Ayende @ Rahien

Hi!
My name is Oren Eini
Founder of Hibernating Rhinos LTD and RavenDB.
You can reach me by phone or email:

ayende@ayende.com

+972 52-548-6969

, @ Q c

Posts: 10 | Comments: 37

filter by tags archive

Evil interview questions: Unique & Random C

time to read 4 min | 652 words

Writing in C (and using only the C std lib as building blocks, which explicitly exclude C++ and all its stuff), generate 1 million unique random numbers.

For reference, here is the code in C#:

   1: var random = new Random();
   2: var set = new HashSet<int>();
   3:  
   4: var sp = Stopwatch.StartNew();
   5:  
   6: while (set.Count < 1000 * 1000)
   7: {
   8:     set.Add(random.Next(0, int.MaxValue));
   9: }
  10:  
  11: Console.WriteLine(sp.ElapsedMilliseconds);

It is a brute force approach, I’ll admit, but it completes in about 150ms on my end.  Solution must run in under 10 seconds.
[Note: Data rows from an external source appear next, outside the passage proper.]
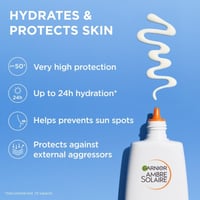 Garnier Ambre Solaire Super UV Hyaluronic Acid Hydrating Fluid SPF50+ 40ml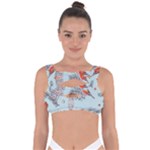 Christmas birds Bandaged Up Bikini Top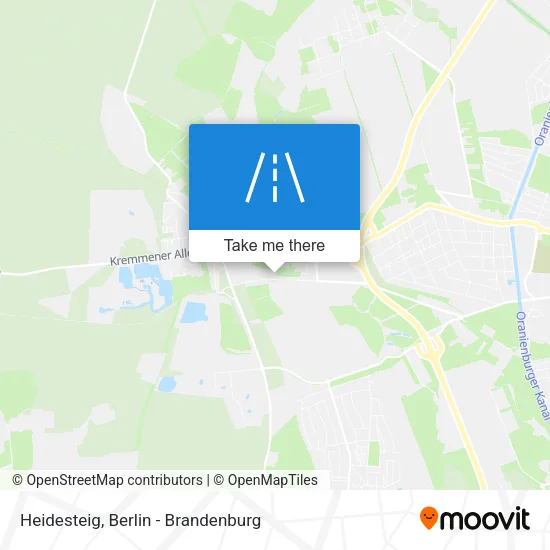 Карта Heidesteig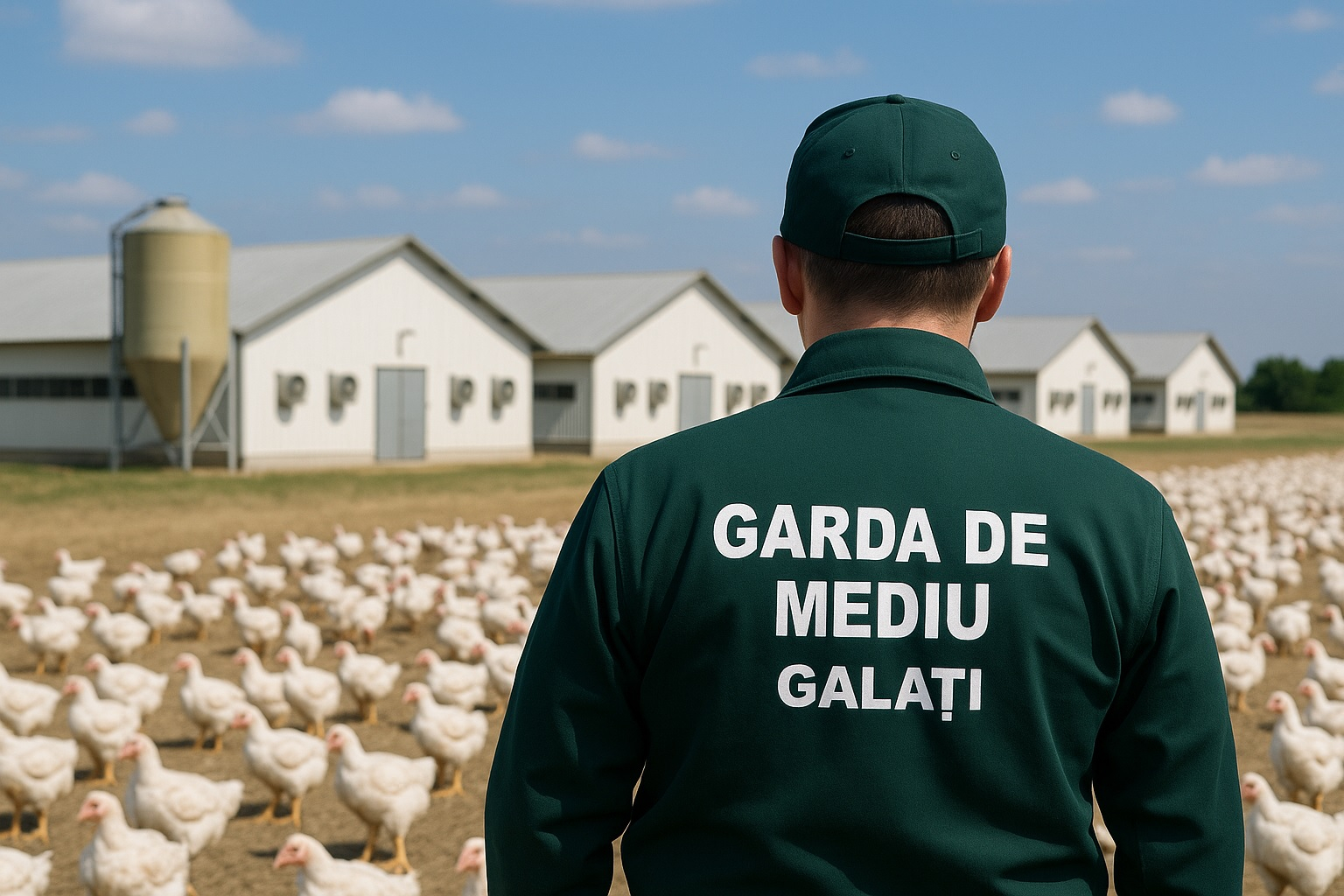 Amenzi uriașe la o fermă avicolă din Șivița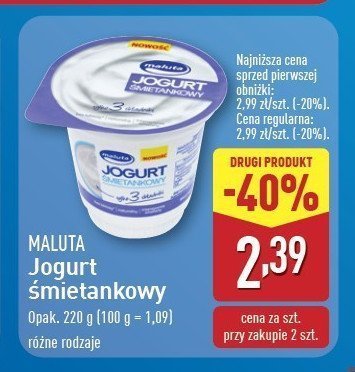 Jogurt śmietankowy Maluta promocja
This question just looks stupid, it actually can tell you quite a bit about the developer.


Comments

Marco

Considering http://xkcd.com/221/ returning numbers from 0 to 1M -1 should be fine :) If numbers do not have to be integers I'd sum rand ([0,1[) to every number of the previous random set just make them different at every run :D Am i a cheater?

Rafal
= 500)
        {
            cnt++;
            //printf("%d\n",num); we don't have to print, we have to find...
        }
    }
    printf("found 1000000 unique random numbers, but don't know what to do with them\n");
}

Assuming nothing about the distribution of these numbers, and without having to print them all, this runs in a fraction of a second.

Rafal

Heh, code formatting in comments sucks

Ramon Smits

You have indeed a unique set. But you don't actually test it the set contains 1.000.000 items. If you have dupes from the random number generator then what?

James

@Ramon - yes it does. That would be the while on the add...

tobi

1) We need to call rand() twice for each number because it returns [0, 32k]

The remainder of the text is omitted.